Is solar worth it in Houston without statewide net metering?

For most south-facing unshaded Houston roofs, yes — but the math depends heavily on your chosen REP solar plan. The federal 30% tax credit is a major driver, hurricane resilience makes the battery-pairing case strong, and Houston's strong solar resource (5.0-5.4 peak sun hours/day) supports favorable production. The variables that matter most: roof orientation and shade, system sizing relative to actual usage, REP plan selection, and whether you pair with battery storage. Use the form on this page for a quote based on your specific roof and SmartMeterTexas data.

Why is battery storage so popular in Houston?

Houston has the strongest grid-resilience case for residential battery storage of any major US metro. Hurricane Harvey (2017), Winter Storm Uri (2021), and Hurricane Beryl (2024) all produced extended multi-day outages. The combination of summer hurricane season, winter ice storms, and ERCOT grid stress events means outage exposure is real and recent. A battery sized to essentials provides genuine resilience for refrigeration, internet, lighting, partial AC during summer events, and well pumps where applicable. Battery + solar can carry critical loads through multi-day outages.

How does the federal solar tax credit work in Texas?

The Section 25D Residential Clean Energy Credit provides a 30% federal tax credit on qualifying solar PV and battery storage installations through 2032 under current law, with step-downs after (26% in 2033, 22% in 2034, then expiration unless extended). The credit applies to your primary or secondary residence, is nonrefundable but carries forward to future tax years, and applies to total system cost including installation. Verify current rates at the [IRS Residential Clean Energy Credit page](https://www.irs.gov/credits-deductions/residential-clean-energy-credit). Texas does not have a state-level solar tax credit comparable to states like Massachusetts or New York.
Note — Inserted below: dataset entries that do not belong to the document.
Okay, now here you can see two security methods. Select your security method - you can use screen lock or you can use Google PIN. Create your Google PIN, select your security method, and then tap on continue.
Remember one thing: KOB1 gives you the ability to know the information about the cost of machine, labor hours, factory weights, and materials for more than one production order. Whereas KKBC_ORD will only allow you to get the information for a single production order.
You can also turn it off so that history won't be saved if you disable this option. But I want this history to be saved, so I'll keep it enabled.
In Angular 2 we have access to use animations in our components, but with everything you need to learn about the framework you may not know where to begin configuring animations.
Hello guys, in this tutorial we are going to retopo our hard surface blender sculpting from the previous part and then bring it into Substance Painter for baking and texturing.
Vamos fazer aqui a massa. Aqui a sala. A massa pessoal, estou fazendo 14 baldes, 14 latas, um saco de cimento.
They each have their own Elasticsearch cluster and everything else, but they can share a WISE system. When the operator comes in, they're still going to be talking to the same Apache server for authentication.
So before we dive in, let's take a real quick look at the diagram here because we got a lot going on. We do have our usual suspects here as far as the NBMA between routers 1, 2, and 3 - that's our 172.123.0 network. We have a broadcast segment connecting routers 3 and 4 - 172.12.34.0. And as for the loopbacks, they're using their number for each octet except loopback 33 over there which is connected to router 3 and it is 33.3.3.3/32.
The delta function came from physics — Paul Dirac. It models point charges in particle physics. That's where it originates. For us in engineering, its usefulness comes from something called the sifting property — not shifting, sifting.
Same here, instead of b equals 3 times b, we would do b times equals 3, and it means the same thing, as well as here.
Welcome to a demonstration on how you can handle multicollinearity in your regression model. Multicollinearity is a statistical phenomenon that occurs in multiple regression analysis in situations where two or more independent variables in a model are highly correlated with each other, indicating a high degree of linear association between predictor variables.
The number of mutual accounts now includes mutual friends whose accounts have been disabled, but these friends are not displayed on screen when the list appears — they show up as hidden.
How does the Texas retail-choice market affect solar?

In retail-choice territory, you choose your Retail Electric Provider (REP) for billing while CenterPoint Energy operates the local distribution and transmission infrastructure. Each REP designs its own rate plans, including solar buyback plans for customers with rooftop solar. The variation across plans is significant — export rates, fixed fees, contract terms, and net-excess treatment all vary. Solar customers benefit from periodically comparing plans and switching when better options become available. A solar quote should specify which REP plan the financial model assumes.
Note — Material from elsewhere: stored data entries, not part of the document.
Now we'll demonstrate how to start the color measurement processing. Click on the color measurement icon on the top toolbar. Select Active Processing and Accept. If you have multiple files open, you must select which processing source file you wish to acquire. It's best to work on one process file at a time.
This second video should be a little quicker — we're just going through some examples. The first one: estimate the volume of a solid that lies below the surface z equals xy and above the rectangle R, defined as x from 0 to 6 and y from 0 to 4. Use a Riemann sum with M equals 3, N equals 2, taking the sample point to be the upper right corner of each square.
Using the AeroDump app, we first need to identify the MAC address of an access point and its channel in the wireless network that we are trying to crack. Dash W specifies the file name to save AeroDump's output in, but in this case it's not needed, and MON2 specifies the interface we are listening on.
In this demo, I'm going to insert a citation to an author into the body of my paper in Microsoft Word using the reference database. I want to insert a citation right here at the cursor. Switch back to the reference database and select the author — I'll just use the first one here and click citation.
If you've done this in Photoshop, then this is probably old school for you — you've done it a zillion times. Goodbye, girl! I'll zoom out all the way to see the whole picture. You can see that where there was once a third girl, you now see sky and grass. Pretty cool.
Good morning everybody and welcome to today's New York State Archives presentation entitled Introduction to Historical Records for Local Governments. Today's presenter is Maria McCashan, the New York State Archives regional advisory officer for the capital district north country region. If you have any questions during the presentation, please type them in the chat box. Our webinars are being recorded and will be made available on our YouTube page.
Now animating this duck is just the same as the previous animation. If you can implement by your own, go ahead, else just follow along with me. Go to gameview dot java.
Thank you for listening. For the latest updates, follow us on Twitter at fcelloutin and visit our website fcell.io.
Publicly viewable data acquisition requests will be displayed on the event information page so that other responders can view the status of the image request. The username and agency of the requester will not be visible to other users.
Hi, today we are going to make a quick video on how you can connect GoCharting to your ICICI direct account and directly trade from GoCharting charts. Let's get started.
Can I install solar in a Houston neighborhood with strict HOA rules?

Texas state law (Property Code Section 202.010) generally protects homeowners' right to install solar despite HOA restrictions, with some allowed accommodations on placement and aesthetics. HOAs cannot prohibit solar outright but can require reasonable installation guidelines (placement, panel color, equipment screening). Submit your installer's plan to your HOA architectural review committee before installation; most properly-designed installations are approved. Disputes occasionally arise; the state law provides homeowner protection but is not a complete shield from process friction.
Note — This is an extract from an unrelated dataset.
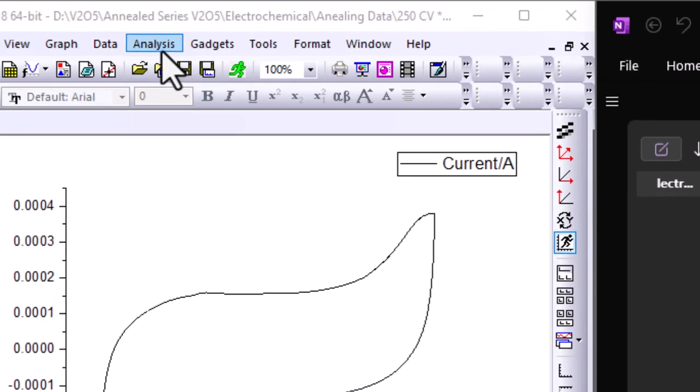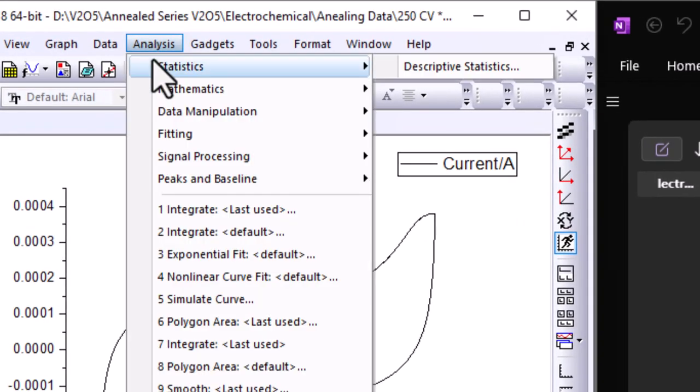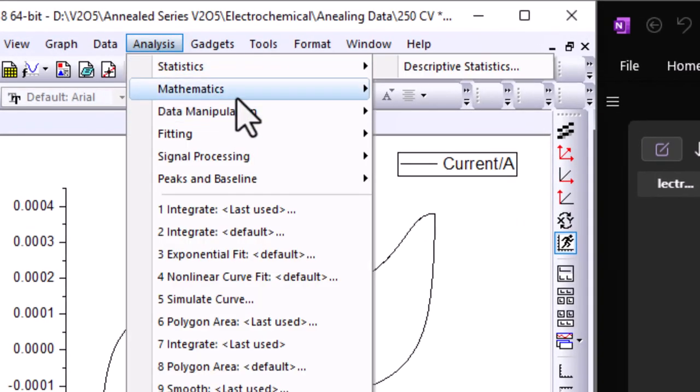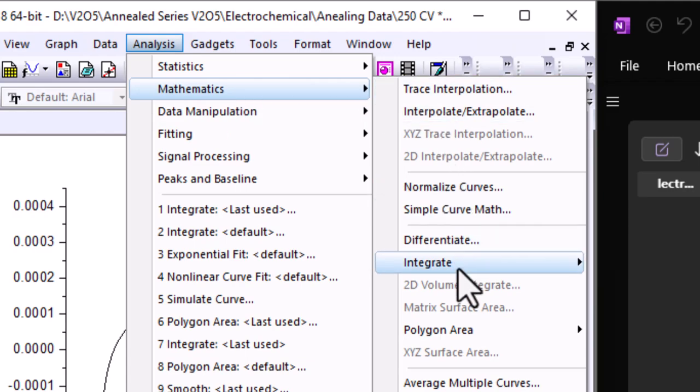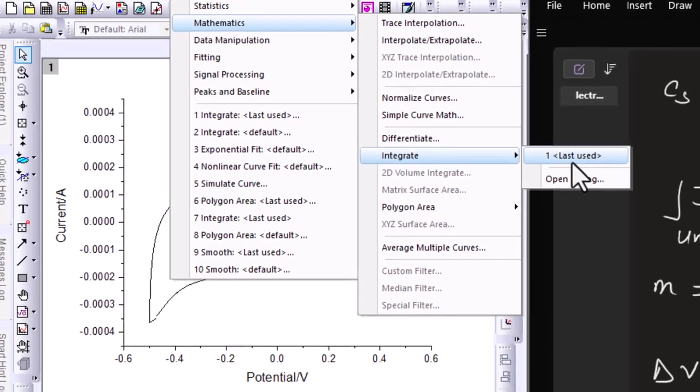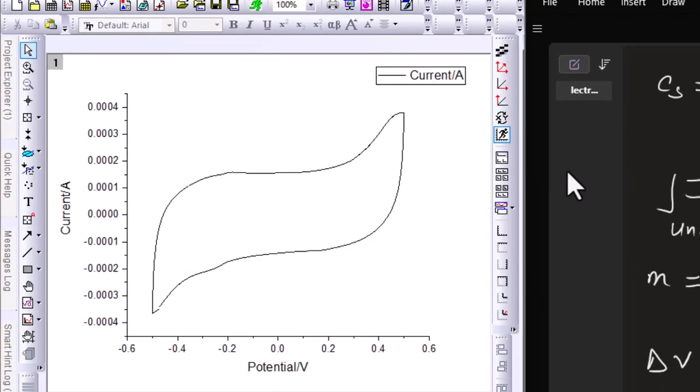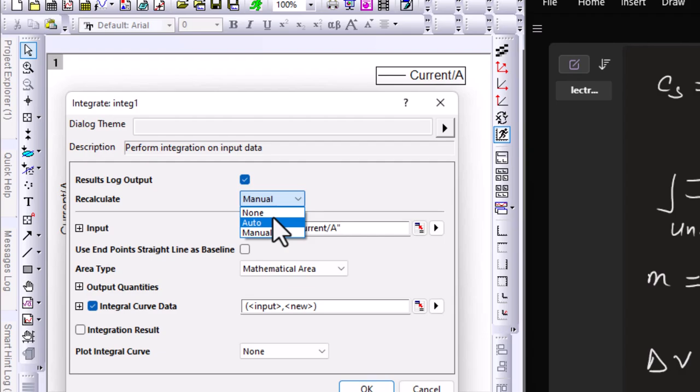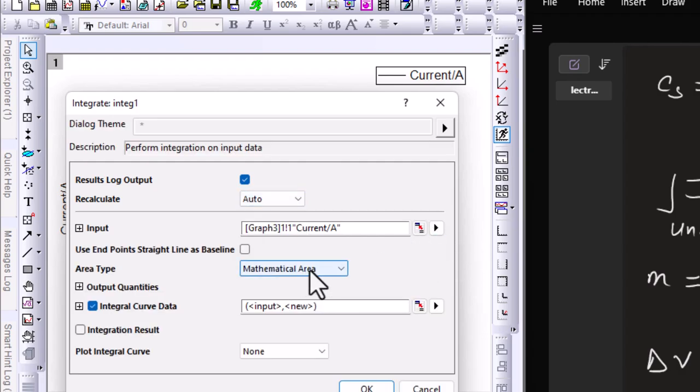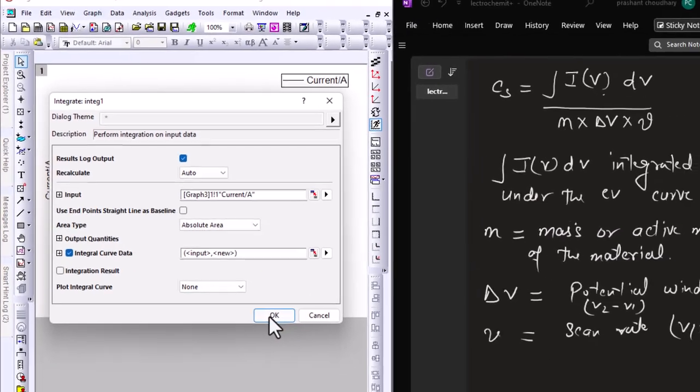To find the integrated area of this curve, you need to click on Analysis, then go to Mathematics, then go to Integrate and open the dialog.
How long does a Houston solar install take from contract to operation?

Calendar time runs typically 8-16 weeks from signed contract to CenterPoint permission to operate (PTO), with most being permitting and interconnection rather than installation. Sequence: 2-4 weeks for engineering and permit submission, 1-4 weeks for permit issuance, 1-3 days of physical installation, 1-2 weeks for local inspection, and 3-8 weeks for CenterPoint interconnection processing and PTO. Selecting your REP solar plan and switching to it typically happens around the time of PTO — your installer should coordinate.